Extract from the entries below, exactly as given, only the lines from the line containing "Montegoni Doppelklebeband Starkes" to the line containing "Hand embroidery Leaf", both lines included.

▶ MATERIAL SHOWN
↓

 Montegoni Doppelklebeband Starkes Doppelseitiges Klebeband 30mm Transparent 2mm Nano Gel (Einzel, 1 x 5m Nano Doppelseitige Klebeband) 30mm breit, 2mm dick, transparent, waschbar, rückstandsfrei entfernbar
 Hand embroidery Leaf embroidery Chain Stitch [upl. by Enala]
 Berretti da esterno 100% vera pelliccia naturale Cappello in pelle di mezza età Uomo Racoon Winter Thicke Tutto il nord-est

↑
↓

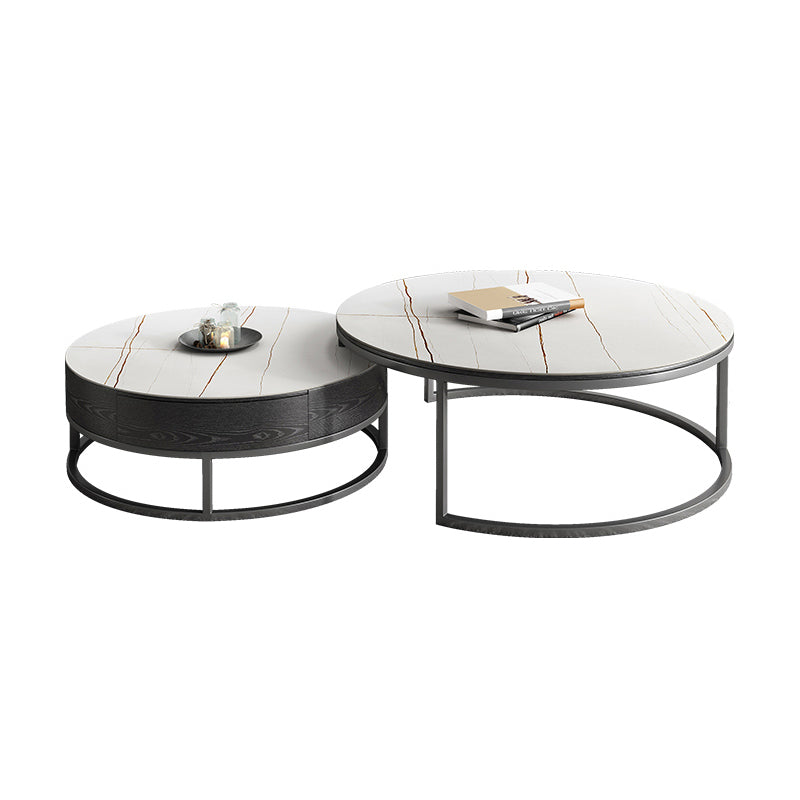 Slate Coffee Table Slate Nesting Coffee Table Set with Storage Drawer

↑

▶ FINISHED TASK
 Montegoni Doppelklebeband Starkes Doppelseitiges Klebeband 30mm Transparent 2mm Nano Gel (Einzel, 1 x 5m Nano Doppelseitige Klebeband) 30mm breit, 2mm dick, transparent, waschbar, rückstandsfrei entfernbar
 Hand embroidery Leaf embroidery Chain Stitch [upl. by Enala]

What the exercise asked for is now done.